Segment Open

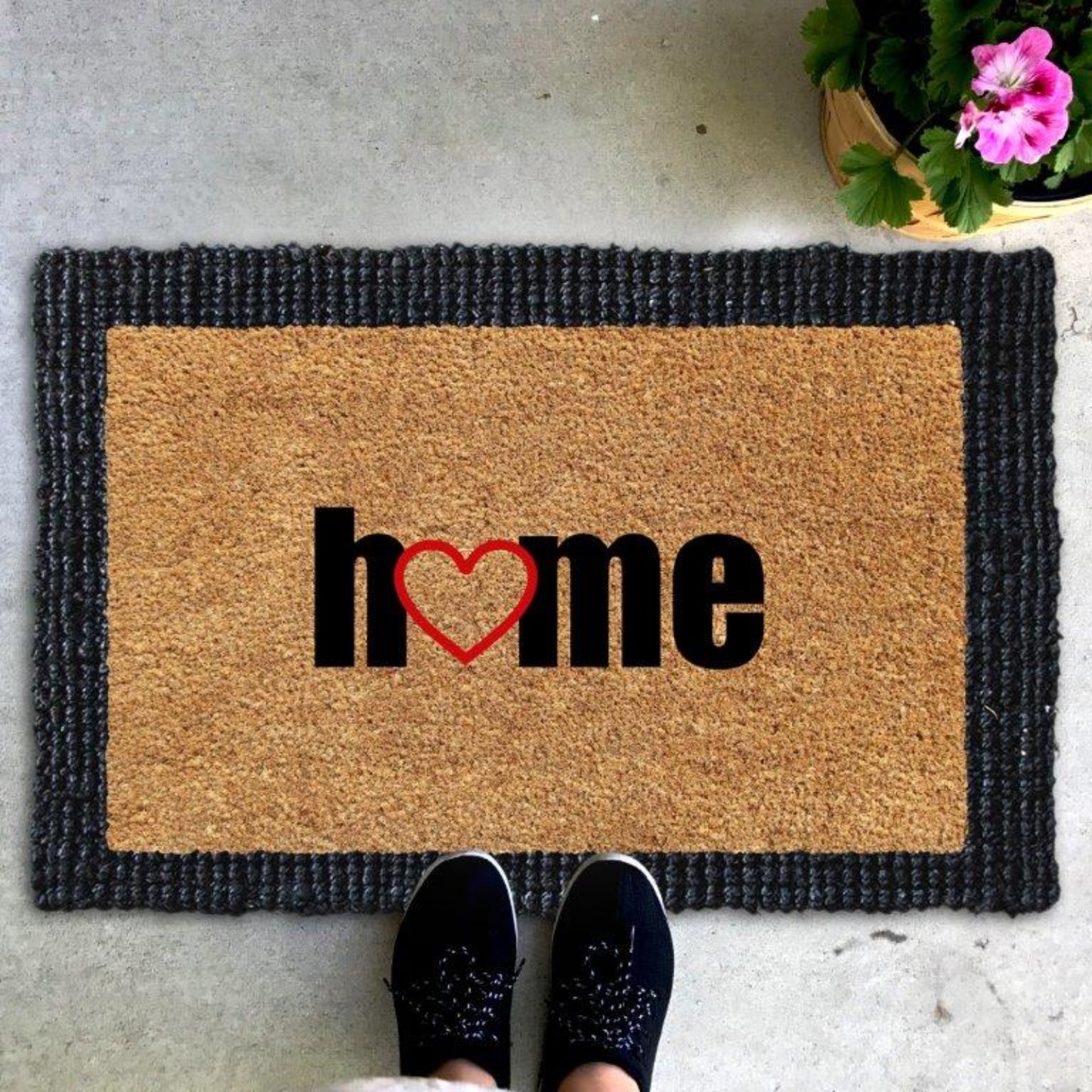 A jute and coir doormat with the word 'Home' printed on it, placed on the floor with a person's feet in shoes on top of it, indicating the mat is for cleaning and welcoming guests.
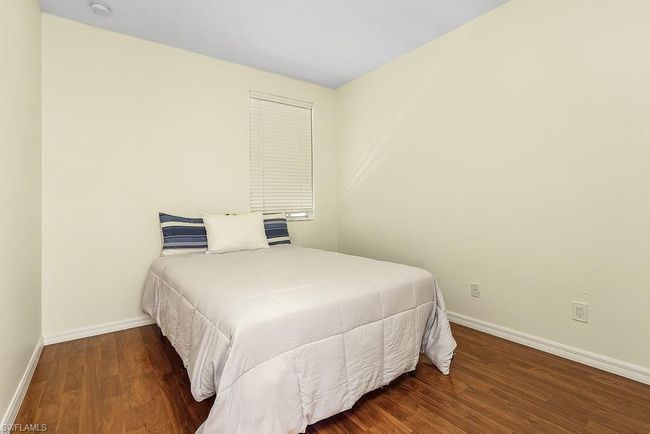 Bedroom featuring baseboards and wood finished floors | Image 19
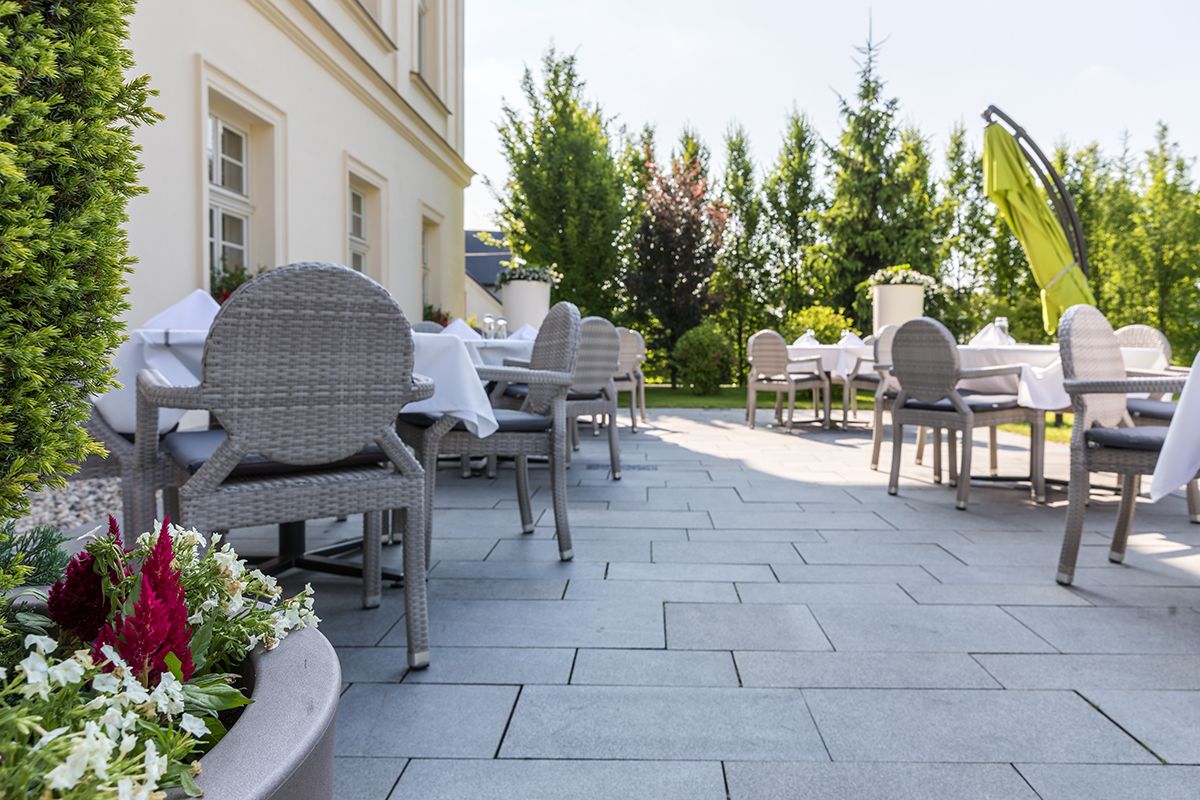 Un patio al aire libre con mobiliario de mimbre y suelo de piedra, rodeado de follaje y un edificio.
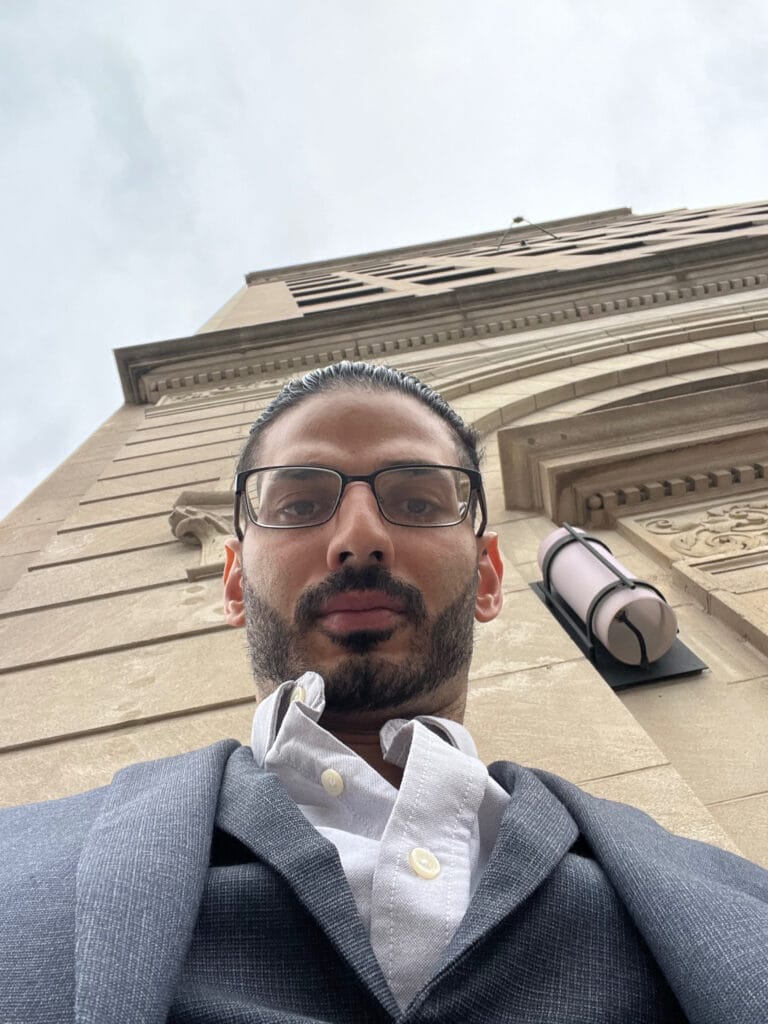 Self-portrait of a man with glasses and a gray suit, taken from a low angle against a tall stone building with decorative molding in the background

Segment Closed

> _AIM OF THE TASK_: Please reproduce each line of the listing above exactly, skipping pictures.

> _SOLUTION TO THIS EXERCISE_:
 A jute and coir doormat with the word 'Home' printed on it, placed on the floor with a person's feet in shoes on top of it, indicating the mat is for cleaning and welcoming guests.
 Bedroom featuring baseboards and wood finished floors | Image 19
 Un patio al aire libre con mobiliario de mimbre y suelo de piedra, rodeado de follaje y un edificio.
 Self-portrait of a man with glasses and a gray suit, taken from a low angle against a tall stone building with decorative molding in the background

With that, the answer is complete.